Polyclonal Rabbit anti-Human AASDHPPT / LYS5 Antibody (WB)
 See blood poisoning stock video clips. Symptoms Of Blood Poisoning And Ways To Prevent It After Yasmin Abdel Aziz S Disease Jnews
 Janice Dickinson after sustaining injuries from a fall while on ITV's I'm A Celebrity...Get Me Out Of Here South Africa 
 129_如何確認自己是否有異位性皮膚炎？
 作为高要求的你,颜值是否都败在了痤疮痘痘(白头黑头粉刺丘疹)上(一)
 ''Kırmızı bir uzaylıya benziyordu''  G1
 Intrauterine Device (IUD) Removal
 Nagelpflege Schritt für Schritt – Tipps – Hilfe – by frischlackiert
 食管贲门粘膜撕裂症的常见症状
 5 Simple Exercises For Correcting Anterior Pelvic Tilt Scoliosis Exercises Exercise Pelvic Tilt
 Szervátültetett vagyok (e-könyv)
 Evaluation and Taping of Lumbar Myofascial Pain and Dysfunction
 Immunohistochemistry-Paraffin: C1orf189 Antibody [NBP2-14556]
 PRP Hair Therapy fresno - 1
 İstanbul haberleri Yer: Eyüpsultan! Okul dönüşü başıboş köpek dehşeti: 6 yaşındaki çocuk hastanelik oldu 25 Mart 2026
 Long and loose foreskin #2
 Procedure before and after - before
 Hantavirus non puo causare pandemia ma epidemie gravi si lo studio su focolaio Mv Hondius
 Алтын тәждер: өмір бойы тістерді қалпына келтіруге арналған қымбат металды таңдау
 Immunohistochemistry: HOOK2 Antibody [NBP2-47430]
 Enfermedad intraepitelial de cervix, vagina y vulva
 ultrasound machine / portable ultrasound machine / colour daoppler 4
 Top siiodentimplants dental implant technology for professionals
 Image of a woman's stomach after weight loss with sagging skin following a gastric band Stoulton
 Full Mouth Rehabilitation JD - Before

· · ·

AIM OF THE EXERCISE: Each line of the listing that contains the word "Antibody" must be copied.

SOLUTION TO THIS EXERCISE:
Polyclonal Rabbit anti-Human AASDHPPT / LYS5 Antibody (WB)
 Immunohistochemistry-Paraffin: C1orf189 Antibody [NBP2-14556]
 Immunohistochemistry: HOOK2 Antibody [NBP2-47430]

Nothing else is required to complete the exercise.